Idaho salmon suit angers locals

  Setting off a firestorm of local protest in Idaho, a federal judge ruled Jan. 9 that the Forest Service should temporarily halt mining, grazing, logging and road-building activities on six national forests. U.S. District Judge David Ezra said that the agency had to stop all ongoing activities until it consulted with federal biologists about effects on endangered salmon. The ruling, which responded to a lawsuit brought by the Wilderness Society and the Pacific Rivers Council, provoked quick responses from communities surrounding the Challis-Salmon, Sawtooth, Nez Perce, Boise and Payette national forests. "Do they want to see just how violent we can become?" Gary Barrett, owner of the Lantern Bar in Salmon, asked in the Idaho Falls Post-Register. "You can only push people so far." The ruling could have shut down mines employing some 800 people.
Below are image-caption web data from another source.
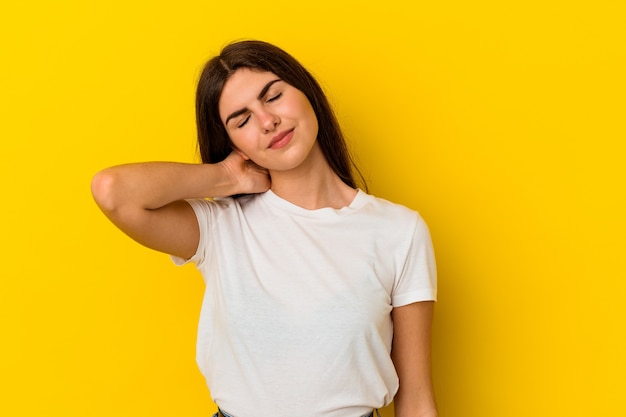 Giovane donna caucasica isolata su sfondo giallo che ha un dolore al collo a causa dello stress, massaggiandolo e toccandolo con la mano.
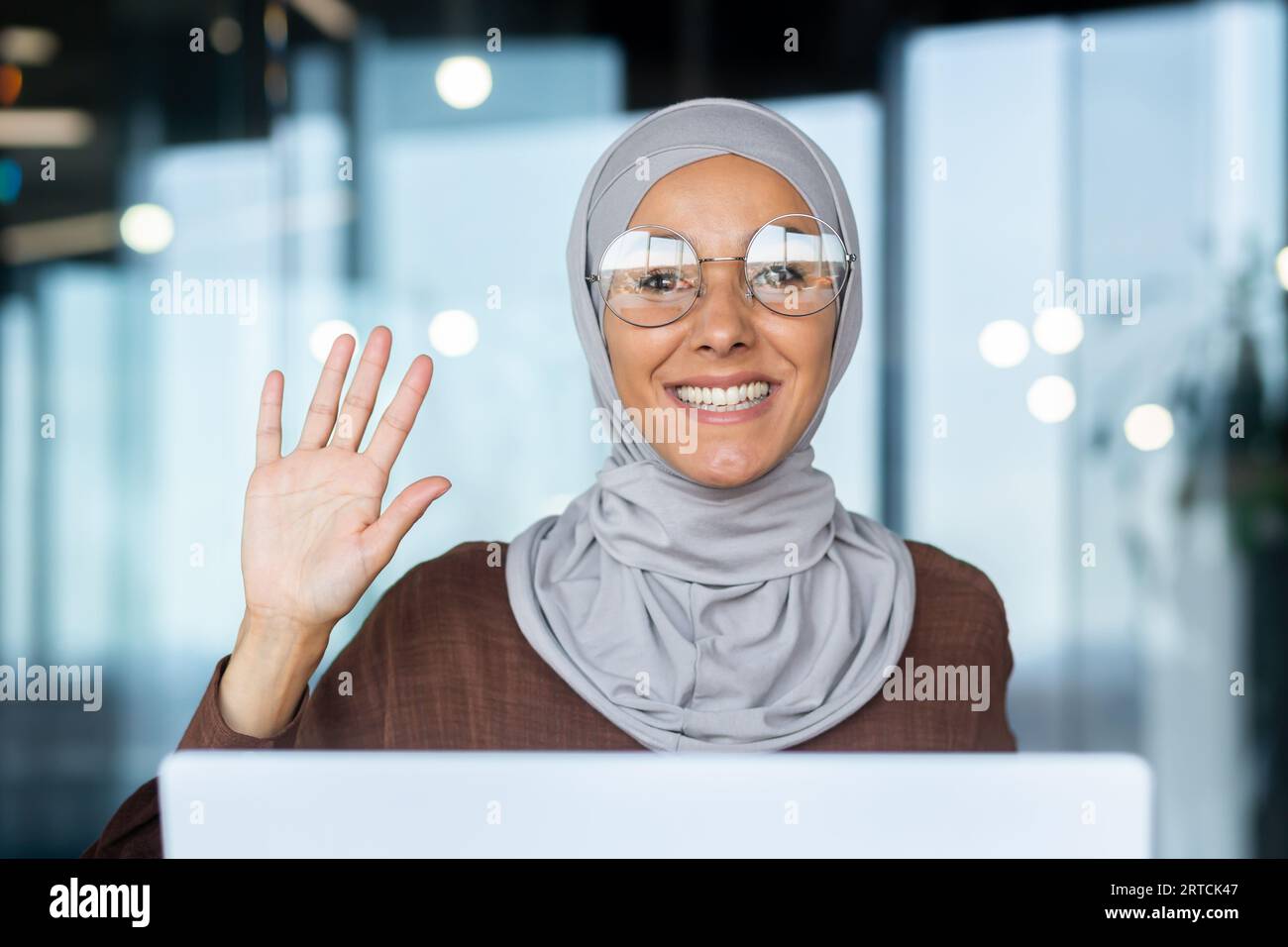 Close-up photo of a portrait of a young Muslim woman in a hijab working ...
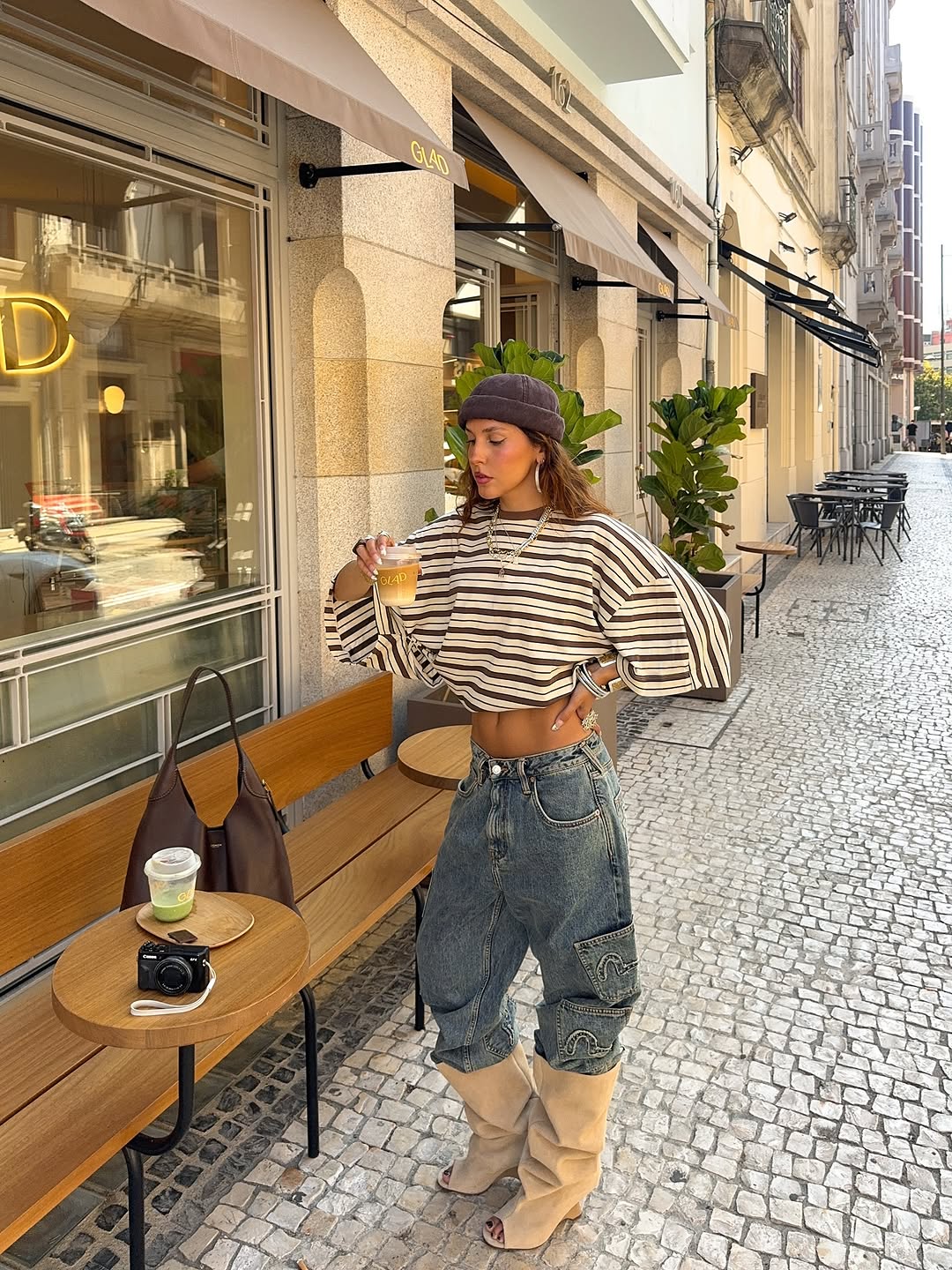 Woman wearing boots tucked into jeans trend fall 2025.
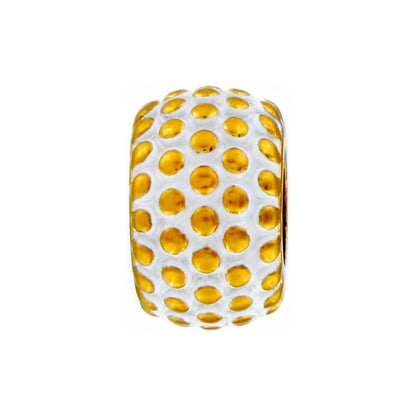 Brighton bead charm with gold-tone dotted texture and white enamel accents in a rounded shape on a white background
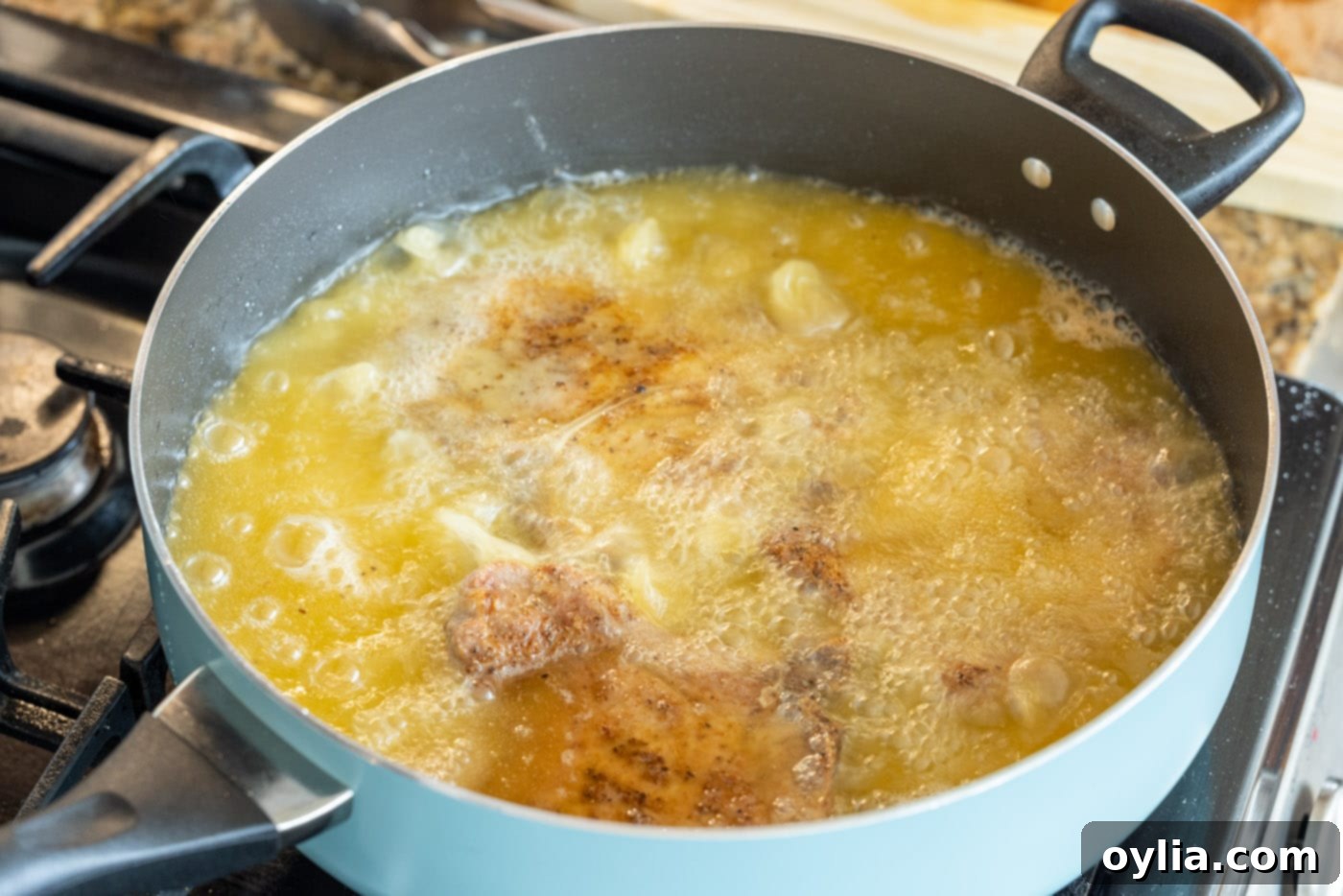 Multiple pork chops frying in a hot skillet, bubbling oil visible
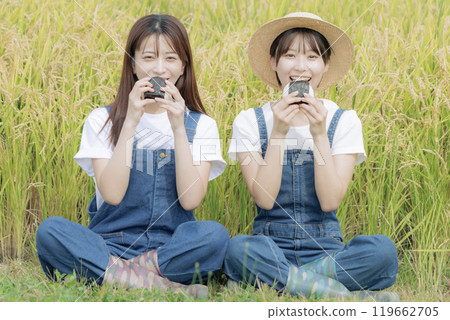 Young women taking a break during the rice harvest Young women taking a break during the rice harvest 119662705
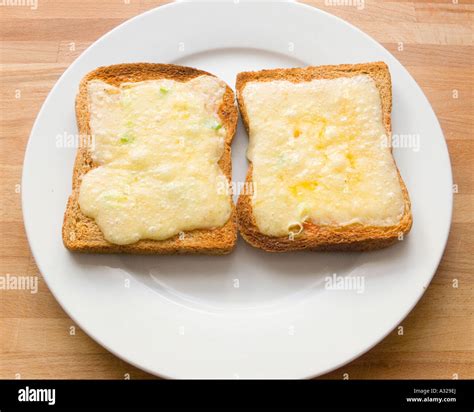 Cheese melt melted on wholemeal brown Toast bread on a plate grill ...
But before the injunction could go into effect, Judge Ezra issued a temporary stay until Jan. 28 to allow an appeal for the Forest Service and industry groups. Later, at the request of the environmental plaintiffs, he extended the stay until March 15 to complete its consultation with the National Marine Fisheries Service. The plaintiffs, who have taken a lot of heat, including some from their own environmental colleagues, say the intense reaction was fanned by industry misinformation. But their attorney Kristen Boyles says the judge made it clear that the injunction was only meant to be temporary and target those projects that could harm the salmon.